Arrah is a holy place for Jains and there are 44 Jain temples in the city. There is a centuries-old Jain temple of Parashanatha in the Masarh village. Some notable places of Arrah are:

Aranya Devi Temple
This is a temple of Aranya Devi (Forest Goddess). She is said to be the deity goddess of Ara town. Here one statue is of Adi Shakti and the second is established by the Pandavas. The temple is very old and draws many devotees every day. It is situated at the top of stone boulders.

Maulabagh Mosque
This Masjid was built in 18th century by John Deane, the collector of Shahabad. He had a Mohammedan wife with whom he lived 20 years with 6 children. After his death in 1817, he was buried in the outer garden of Maulabagh Mosque (called as Bibi Jaan ke Hata or Handa) where his tomb can still be seen. This mosques is also mentioned by British officers in their writings.

Koilwar Bridge
Koilwar Bridge connects Arrah and Patna, and is the oldest railway bridge of India. It was built in 1862 and is 157 years old.

Ramna Maidan
Ramna Maidan, located in Arrah, Bhojpur District, Bihar, the one of the largest urban parks in Arrah, It is spread across 60 acres of land.

Arrah–Chhapra Bridge

Arrah–Chhapra Bridge is also called Veer Kunwar singh Setu which connects Arrah and Chhapra is the world's longest multi span extradosed bridge in the world with a length of 1920m.

Maharaja College, Ara
The present Maharaja college premises is an important historical site.

Masarh
Masarh is a village 10 km from Arrah, the Lion capitals of Mauryan period have been found here. Masarh has been identified by Cunningham with Mo-ho-so-lo of the Chinese
pilgrim Huen Tsang,

Arrah House
Arrah House is a small British building in the premises of Maharaja College.

Holy Saviour Church
Holy Saviour Church is a church in Arrah, built by the British in 1911, when King of United Kingdom George V visited the city.

Education
Schools in Arrah are either government-run or private schools. Schools are affiliated by Central Board of Secondary Education and Bihar School Examination Board. Veer Kunwar Singh University is located here. Harprasad Das Jain College, Maharaja Collage, and Jagjiwan College are some of the premier institutions for higher education. Jain Siddhant Bhawan is a Jain Library in Arrah which is illustrious for collecting centuries older manuscripts in various languages.
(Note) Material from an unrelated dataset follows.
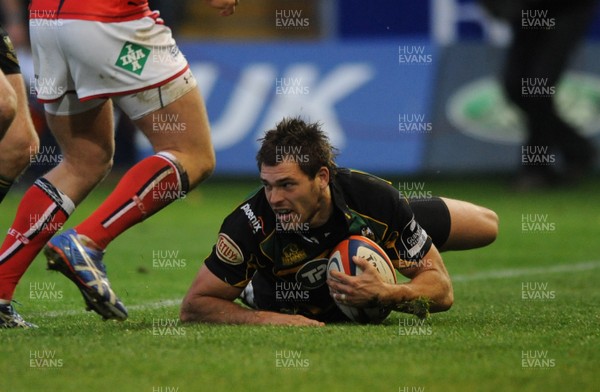 01.11.08 - Northampton v Llanelli Scarlets - EDF Energy Cup - Northampton's Sean Lamont dives in for try.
In 2018, Bihar government has opened Government Engineering Colleges in each district of Bihar under the Department of Science and Technology. Government Engineering College, Bhojpur runs in the campus of Bakhtiyarpur College of Engineering and its own campus will be completed by 2020.

Sports
Cricket is the most popular sport, however other sports such as volleyball, basketball, and athletics are also played.

Veer Kunwar Singh Stadium is the stadium situated in the Ramna Maidan which hosts various cricket, football, and hockey tournaments. Other grounds in the town are Ramna Maidan, Maharaja college ground, Airport Ground, and Jain Collage Ground.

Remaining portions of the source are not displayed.